LEO’s management is committed to improving leaders throughout our nation and world.  However, recent scandals and crises in the United States lead us to focus on helping our country’s leaders to help, not harm, the people in our land.  LEO loves America.

Past generations built the institutions we whatever is good in our nation.  We are reminded of Norman Rockwell’s famous series of paintings on The Four Freedoms.

Freedom of Speech         Freedom to Worship          Freedom from Want          Freedom from Fear

20 February 1943              27 February 1943              6 March 1943                   13 March 1943

Art critics in the 1960s criticized Rockwell as a paid sentimentalist.  He was not.  When we look at the good, honest faces he portrayed, we see how he tried to represent the American character as he knew it.  He knew the ugly chapters in American history, but showed the decency and dignity of millions who came from all over the world as immigrants seeking freedom.  Despite our current crises, Rockwell’s vision sees the good we all should see.  American greatness lies best in its greatest citizens, and these are average people.

Millions of good Americans in every generation--of every nation, race, religion, language, condition, and capacity—paid for the freedom we enjoy today.  They paid with daily honest labor.  They saved, they built, and they passed on a legacy for their children and grandchildren.  They paid with their blood on battlefields.  They fought bravely during World War II, so their families, and strangers abroad, would enjoy “life, liberty, and the pursuit of happiness.” Millions overseas remember how American strangers sacrificed for their freedom, and how America provided the Marshall Plan to do what no other victorious nation ever had done.

During the last presidential election, a majority of Americans elected an African American.  Regardless of the reader’s political party or feelings on current politics, that election showed how even a nation with our scarred and divided racial history could move in a new direction.  The world noted this, as did the Nobel Committee, as a testament to the vitality of our democracy.  There are many things gone awry in our country, but we are capable of great things.

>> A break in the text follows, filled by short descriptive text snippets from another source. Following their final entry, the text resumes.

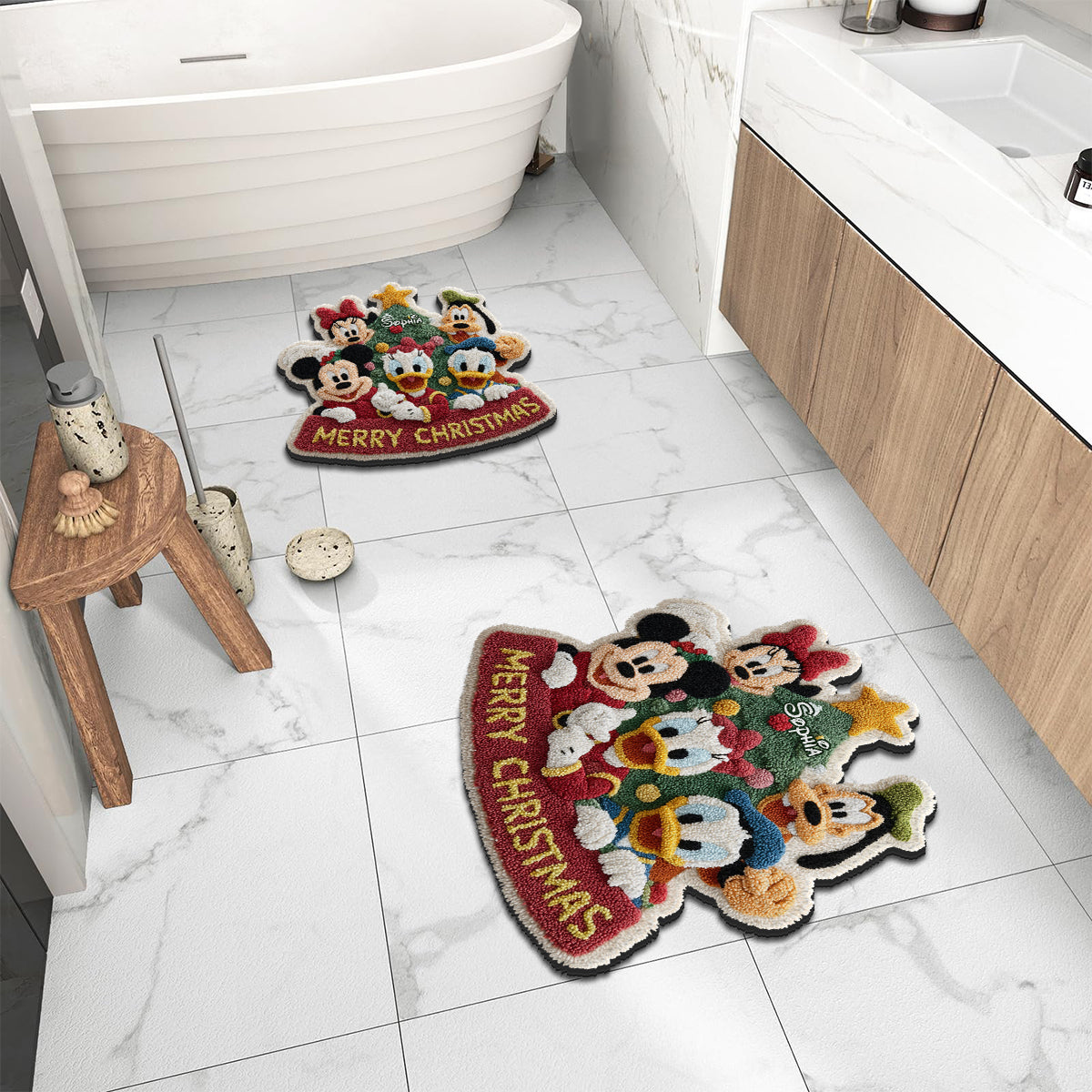 Merry Christmas - Personalized Mouse Non-Slip Tufted Rug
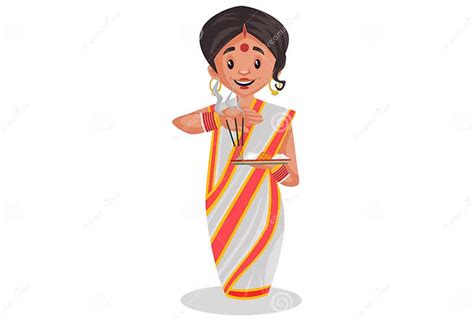 Vector Graphic Illustration Of Indian Bengali Woman Stock Vector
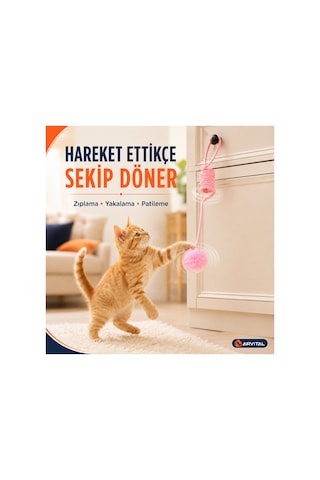 Elastik Yaylı Asılabilir Peluş Ponpon Kedi Oyuncağı 100 Cm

We saw again the character of America after September 11, 2001.  All Americans united in compassionate response to that tragedy to retrieve the injured and dead, to comfort the grieving, and later, to defend against terrorism.  The United States of America has more enemies today than Al-Qaida.     

Material Enemies – Whatever Americans learned regarding unity and national sacrifice during World War II, they forgot in the decades of economic growth afterwards.  Consumption, consumerism, credit card debt, home equity loans, high-risk financial schemes by banks and investment institutions, government deficit spending, all are “chickens come home to roost.” Added to these problems are an aging population, aging infrastructure, and even issues of basic water and soil conservation for survival.  America has many enemies here of our own making.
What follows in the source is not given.